Data block START
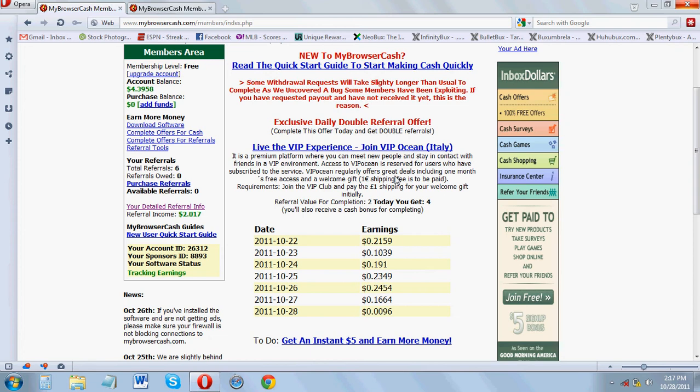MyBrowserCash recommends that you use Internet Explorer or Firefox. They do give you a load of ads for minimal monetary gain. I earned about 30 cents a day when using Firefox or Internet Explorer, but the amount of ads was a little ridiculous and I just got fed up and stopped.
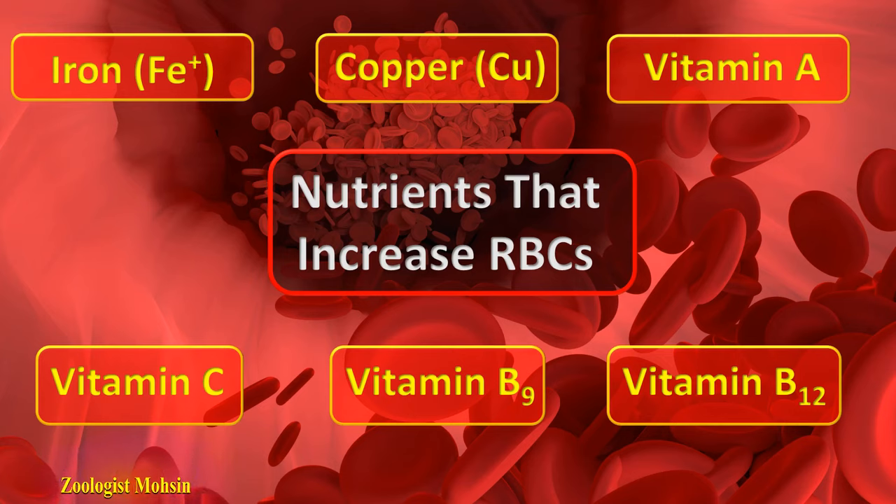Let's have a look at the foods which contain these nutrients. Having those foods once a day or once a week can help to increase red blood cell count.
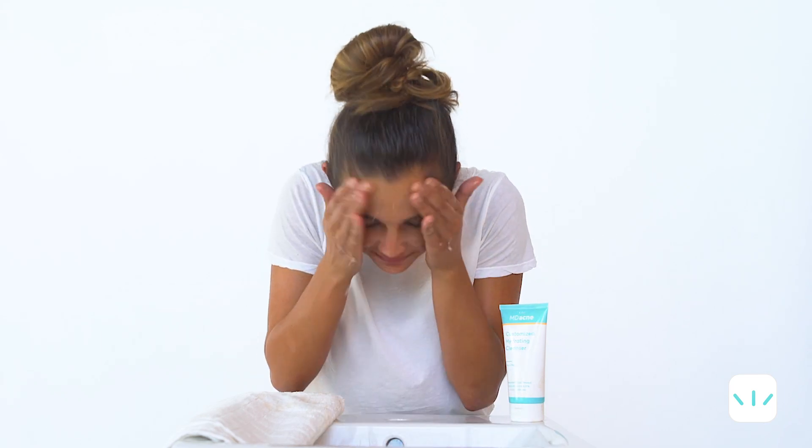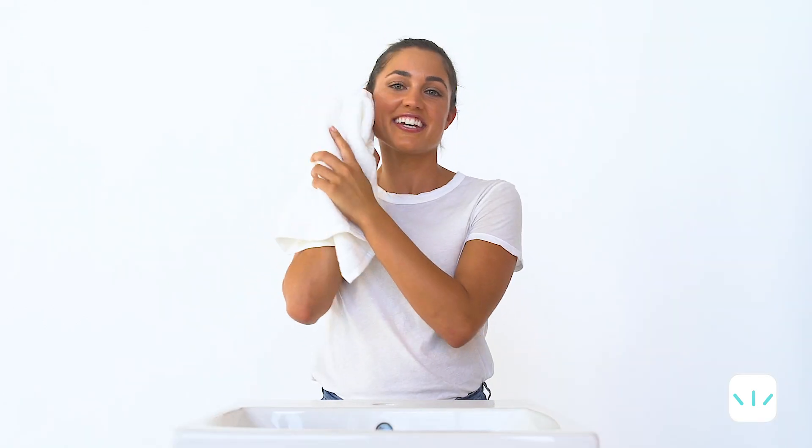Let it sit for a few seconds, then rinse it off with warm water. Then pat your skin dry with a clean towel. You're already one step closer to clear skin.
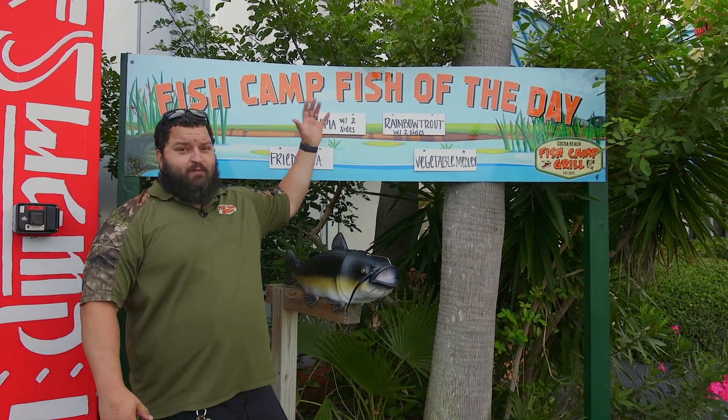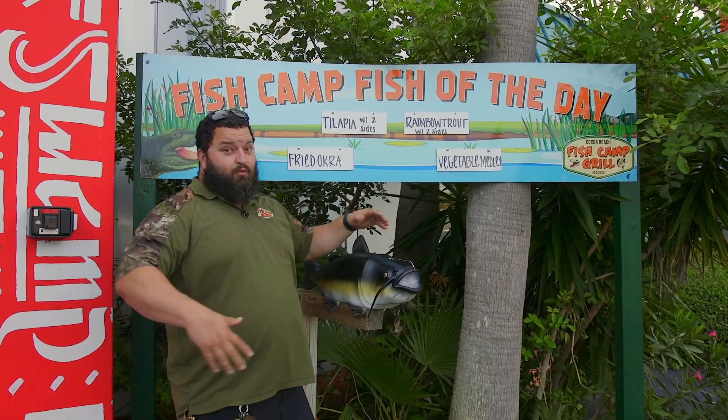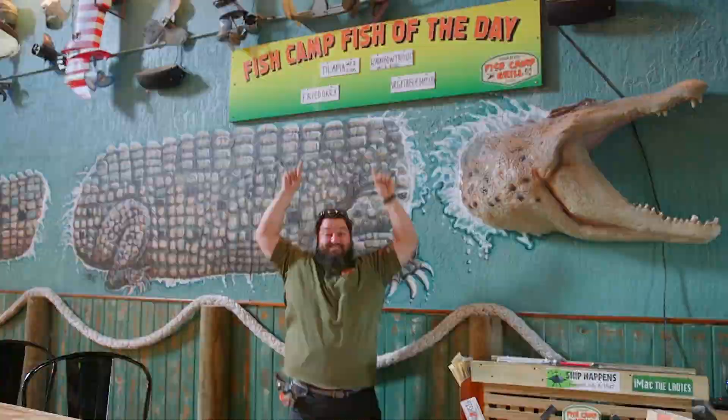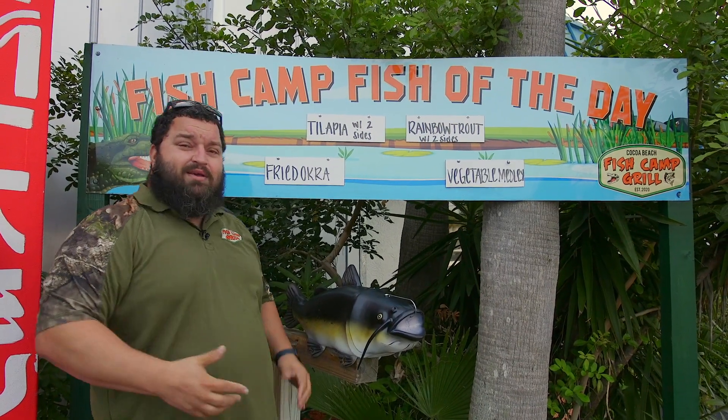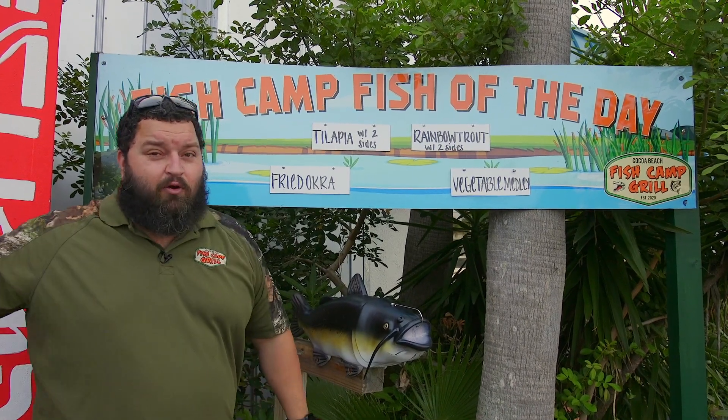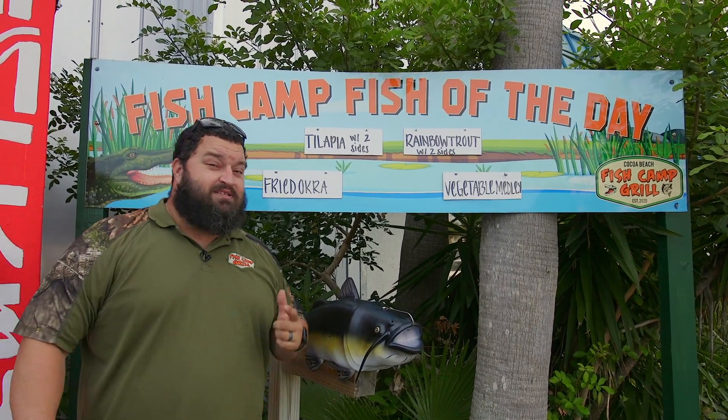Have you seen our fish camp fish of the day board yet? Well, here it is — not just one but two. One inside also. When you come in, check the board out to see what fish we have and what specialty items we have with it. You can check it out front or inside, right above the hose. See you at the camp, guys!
Data block END
§ Work request
The task requires that every line above be transcribed exactly, without the images.

§ Solution for this exercise
MyBrowserCash recommends that you use Internet Explorer or Firefox. They do give you a load of ads for minimal monetary gain. I earned about 30 cents a day when using Firefox or Internet Explorer, but the amount of ads was a little ridiculous and I just got fed up and stopped.
Let's have a look at the foods which contain these nutrients. Having those foods once a day or once a week can help to increase red blood cell count.
Let it sit for a few seconds, then rinse it off with warm water. Then pat your skin dry with a clean towel. You're already one step closer to clear skin.
Have you seen our fish camp fish of the day board yet? Well, here it is — not just one but two. One inside also. When you come in, check the board out to see what fish we have and what specialty items we have with it. You can check it out front or inside, right above the hose. See you at the camp, guys!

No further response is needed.